Professor Newton is a member of the International Institute of Humanitarian Law, as well as the International Bar Association. He has made numerous appearances on CNN, BBC, Fox, Court TV, NPR, and been widely quoted in other print and broadcast media. His principal responsibilities at Vanderbilt involve teaching courses relating to international law and international criminal law as well as developing educational opportunities for students interested in international legal issues. Among his other teaching duties, Professor Newton developed and teaches one of the most innovative courses in American legal education as a component of the International Legal Studies Program at Vanderbilt. Students in his International Law Practice Lab gain pragmatic skills and concrete experience on behalf of real world clients around the world. He served on a Working Group advising the Task Force on Genocide Prevention established by the U.S. Holocaust Memorial Museum and the U.S. Institute of Peace. He has worked in support of the Public International Law & Policy Group to advise governments and delegations across the globe.
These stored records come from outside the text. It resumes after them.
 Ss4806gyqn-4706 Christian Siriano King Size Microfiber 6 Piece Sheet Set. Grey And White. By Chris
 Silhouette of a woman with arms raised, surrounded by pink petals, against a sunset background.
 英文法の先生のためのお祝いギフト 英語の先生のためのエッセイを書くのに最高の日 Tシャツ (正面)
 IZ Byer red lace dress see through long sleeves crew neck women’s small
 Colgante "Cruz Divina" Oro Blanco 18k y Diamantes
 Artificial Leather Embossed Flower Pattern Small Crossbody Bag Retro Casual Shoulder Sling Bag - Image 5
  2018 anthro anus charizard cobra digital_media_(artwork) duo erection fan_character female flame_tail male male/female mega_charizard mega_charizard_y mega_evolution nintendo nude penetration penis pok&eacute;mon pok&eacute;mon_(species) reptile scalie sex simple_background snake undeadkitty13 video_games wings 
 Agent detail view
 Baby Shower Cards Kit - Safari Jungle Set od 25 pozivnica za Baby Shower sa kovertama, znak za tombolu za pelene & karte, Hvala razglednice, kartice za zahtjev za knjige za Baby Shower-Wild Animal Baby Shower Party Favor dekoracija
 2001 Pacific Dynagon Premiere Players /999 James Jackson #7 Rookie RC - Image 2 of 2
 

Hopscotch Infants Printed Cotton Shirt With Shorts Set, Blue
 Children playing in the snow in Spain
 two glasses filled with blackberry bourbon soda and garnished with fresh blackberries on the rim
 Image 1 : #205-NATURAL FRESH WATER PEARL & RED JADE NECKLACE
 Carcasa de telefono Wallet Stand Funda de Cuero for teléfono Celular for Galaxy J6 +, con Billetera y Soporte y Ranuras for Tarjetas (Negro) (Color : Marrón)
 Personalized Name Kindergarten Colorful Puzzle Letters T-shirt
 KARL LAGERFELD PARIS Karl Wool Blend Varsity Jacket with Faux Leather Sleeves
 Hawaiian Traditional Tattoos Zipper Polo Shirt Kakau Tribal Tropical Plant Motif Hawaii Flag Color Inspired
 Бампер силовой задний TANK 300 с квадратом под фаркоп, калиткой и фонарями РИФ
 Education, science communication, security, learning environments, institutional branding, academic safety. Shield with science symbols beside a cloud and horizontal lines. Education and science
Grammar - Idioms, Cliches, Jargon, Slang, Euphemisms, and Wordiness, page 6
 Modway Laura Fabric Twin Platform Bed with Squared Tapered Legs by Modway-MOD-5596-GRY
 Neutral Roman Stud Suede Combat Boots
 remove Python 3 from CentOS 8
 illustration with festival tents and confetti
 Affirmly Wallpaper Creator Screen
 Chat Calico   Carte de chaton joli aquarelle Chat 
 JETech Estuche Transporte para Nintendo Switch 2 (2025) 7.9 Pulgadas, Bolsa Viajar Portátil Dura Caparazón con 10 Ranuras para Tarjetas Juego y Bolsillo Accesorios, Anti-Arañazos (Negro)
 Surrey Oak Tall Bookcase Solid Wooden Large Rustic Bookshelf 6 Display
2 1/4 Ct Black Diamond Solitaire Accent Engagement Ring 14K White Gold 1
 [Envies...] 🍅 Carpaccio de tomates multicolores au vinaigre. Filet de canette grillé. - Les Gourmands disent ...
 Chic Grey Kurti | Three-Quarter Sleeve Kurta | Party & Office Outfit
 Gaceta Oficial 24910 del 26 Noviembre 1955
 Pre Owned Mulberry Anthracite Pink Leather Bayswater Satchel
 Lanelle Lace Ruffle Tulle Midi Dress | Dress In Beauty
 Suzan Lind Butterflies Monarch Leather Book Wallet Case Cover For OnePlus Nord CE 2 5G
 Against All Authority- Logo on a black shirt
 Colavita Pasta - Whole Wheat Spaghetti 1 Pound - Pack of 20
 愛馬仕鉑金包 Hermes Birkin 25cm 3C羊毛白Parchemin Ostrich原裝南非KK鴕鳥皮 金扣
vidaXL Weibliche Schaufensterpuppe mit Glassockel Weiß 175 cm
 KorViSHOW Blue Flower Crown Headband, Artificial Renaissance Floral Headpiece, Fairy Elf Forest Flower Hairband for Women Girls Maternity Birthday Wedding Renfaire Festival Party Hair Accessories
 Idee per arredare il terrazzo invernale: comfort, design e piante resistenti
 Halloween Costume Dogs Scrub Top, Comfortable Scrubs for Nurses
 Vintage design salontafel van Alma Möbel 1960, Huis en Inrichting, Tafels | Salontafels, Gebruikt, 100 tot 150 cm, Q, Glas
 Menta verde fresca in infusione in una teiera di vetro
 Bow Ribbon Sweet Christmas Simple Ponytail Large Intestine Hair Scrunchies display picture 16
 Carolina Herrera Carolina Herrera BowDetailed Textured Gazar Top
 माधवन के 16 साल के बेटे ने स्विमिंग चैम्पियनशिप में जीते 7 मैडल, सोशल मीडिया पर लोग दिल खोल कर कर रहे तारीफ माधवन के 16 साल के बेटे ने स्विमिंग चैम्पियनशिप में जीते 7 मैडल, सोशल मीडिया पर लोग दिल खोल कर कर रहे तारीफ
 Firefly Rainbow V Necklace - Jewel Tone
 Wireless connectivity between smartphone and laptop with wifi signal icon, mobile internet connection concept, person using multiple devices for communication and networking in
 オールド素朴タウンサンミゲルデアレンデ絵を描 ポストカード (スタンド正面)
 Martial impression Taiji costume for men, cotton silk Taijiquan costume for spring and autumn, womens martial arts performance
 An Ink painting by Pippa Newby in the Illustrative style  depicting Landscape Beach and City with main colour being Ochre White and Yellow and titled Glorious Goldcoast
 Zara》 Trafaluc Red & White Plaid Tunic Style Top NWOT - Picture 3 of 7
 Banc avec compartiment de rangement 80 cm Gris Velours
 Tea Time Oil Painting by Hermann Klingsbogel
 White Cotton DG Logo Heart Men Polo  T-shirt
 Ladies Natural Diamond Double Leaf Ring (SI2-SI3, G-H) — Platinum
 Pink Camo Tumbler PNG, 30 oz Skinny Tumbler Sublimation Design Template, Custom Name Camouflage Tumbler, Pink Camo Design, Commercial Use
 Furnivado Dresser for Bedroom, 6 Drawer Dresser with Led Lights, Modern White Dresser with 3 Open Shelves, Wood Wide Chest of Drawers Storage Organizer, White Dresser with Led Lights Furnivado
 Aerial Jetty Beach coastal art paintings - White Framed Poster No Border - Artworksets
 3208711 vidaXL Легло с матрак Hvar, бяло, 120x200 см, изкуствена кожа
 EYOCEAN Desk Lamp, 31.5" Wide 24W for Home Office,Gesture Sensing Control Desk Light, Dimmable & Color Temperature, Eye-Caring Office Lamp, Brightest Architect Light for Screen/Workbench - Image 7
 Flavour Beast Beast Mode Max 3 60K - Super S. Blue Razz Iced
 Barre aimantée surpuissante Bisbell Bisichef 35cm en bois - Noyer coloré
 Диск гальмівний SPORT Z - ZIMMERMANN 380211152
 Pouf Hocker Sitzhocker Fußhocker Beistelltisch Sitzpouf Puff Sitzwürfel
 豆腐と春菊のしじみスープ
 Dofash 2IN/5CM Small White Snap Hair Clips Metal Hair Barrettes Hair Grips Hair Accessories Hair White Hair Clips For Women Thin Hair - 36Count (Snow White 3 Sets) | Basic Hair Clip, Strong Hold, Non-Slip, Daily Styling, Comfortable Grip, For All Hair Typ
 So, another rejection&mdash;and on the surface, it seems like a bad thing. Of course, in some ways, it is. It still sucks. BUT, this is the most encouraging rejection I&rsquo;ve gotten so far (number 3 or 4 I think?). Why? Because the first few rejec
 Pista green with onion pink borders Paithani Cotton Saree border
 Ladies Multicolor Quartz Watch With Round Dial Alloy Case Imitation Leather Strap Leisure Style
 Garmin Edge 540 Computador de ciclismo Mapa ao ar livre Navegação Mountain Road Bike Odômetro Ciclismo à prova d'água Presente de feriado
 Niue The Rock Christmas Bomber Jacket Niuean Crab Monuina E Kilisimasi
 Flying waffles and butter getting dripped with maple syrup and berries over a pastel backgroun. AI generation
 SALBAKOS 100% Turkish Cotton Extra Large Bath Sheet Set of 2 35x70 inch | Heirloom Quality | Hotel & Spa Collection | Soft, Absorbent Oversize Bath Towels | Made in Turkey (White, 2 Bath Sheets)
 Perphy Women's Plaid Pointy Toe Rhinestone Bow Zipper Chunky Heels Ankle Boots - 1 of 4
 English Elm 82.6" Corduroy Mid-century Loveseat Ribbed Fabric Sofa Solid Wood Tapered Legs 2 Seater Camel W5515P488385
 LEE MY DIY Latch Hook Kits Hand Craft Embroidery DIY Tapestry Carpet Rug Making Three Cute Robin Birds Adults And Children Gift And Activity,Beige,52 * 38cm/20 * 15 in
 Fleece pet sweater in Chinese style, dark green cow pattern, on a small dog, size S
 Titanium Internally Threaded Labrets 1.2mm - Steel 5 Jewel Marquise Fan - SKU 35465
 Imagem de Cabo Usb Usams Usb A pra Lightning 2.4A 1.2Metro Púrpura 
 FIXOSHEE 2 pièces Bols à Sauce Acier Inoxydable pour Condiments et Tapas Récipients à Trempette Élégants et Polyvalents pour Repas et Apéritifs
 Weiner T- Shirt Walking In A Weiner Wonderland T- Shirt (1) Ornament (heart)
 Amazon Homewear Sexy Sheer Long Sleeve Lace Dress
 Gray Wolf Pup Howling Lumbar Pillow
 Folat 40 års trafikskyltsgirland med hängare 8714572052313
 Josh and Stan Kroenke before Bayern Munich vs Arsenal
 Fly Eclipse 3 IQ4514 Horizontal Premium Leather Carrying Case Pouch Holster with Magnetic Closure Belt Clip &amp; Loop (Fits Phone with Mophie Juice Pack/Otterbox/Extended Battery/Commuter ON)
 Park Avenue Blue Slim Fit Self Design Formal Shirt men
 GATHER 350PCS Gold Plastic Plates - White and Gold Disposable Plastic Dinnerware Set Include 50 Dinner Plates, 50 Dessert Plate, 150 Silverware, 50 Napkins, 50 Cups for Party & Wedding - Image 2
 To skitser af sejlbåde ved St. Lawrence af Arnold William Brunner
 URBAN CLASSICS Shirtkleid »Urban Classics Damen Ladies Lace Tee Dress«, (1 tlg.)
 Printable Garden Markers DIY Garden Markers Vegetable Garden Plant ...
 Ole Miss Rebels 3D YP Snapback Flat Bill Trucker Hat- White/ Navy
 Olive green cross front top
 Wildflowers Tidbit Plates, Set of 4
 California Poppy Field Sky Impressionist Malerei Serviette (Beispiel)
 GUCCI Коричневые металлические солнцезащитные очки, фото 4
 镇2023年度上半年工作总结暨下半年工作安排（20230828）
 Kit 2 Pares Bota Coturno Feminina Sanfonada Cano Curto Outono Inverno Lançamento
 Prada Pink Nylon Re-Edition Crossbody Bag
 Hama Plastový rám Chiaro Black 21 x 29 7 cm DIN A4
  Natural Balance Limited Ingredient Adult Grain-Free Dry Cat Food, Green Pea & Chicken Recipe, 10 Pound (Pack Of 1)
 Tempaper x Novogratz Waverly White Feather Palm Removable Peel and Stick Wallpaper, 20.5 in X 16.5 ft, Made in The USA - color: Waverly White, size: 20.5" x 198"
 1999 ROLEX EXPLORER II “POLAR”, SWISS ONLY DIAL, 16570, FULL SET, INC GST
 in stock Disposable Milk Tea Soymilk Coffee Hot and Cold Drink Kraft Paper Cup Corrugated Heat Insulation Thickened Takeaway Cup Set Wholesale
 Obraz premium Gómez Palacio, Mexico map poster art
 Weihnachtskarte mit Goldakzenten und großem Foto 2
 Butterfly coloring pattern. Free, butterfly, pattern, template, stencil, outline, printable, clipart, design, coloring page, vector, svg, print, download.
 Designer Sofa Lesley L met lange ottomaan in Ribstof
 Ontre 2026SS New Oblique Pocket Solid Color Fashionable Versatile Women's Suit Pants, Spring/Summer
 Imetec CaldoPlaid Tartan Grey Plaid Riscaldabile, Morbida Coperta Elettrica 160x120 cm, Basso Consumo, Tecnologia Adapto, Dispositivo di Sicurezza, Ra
Professor Newton graduated from the United States Military Academy at West Point and served as an armor officer until his selection for the Judge Advocate General’s Funded Legal Education Program. He earned more than two dozen military decorations during his twenty one years of service. Professor Newton earned his J.D. and an L.LM. from the University of Virginia School of Law. He is a member of the Virginia Bar. He also received an L.LM from the Judge Advocate General’s School, where he served as Professor of International and Operational Law from 1996-1999. As an operational attorney, Professor Newton served as the Chief of Operational Law with the United States Army Special Forces Command (Airborne), Fort Bragg, North Carolina in support of units participating in Desert Storm. He was also the Group Judge Advocate for the 7th Special Forces Group (Airborne). He deployed on Operation Provide Comfort to assist Kurdish civilians in Northern Iraq, as well as a number of other exercises and operations. As the Brigade Judge Advocate for the 194th Armored Brigade (Separate), he organized and led the human rights and rules of engagement education for all Multinational Forces and International Police deploying into Haiti.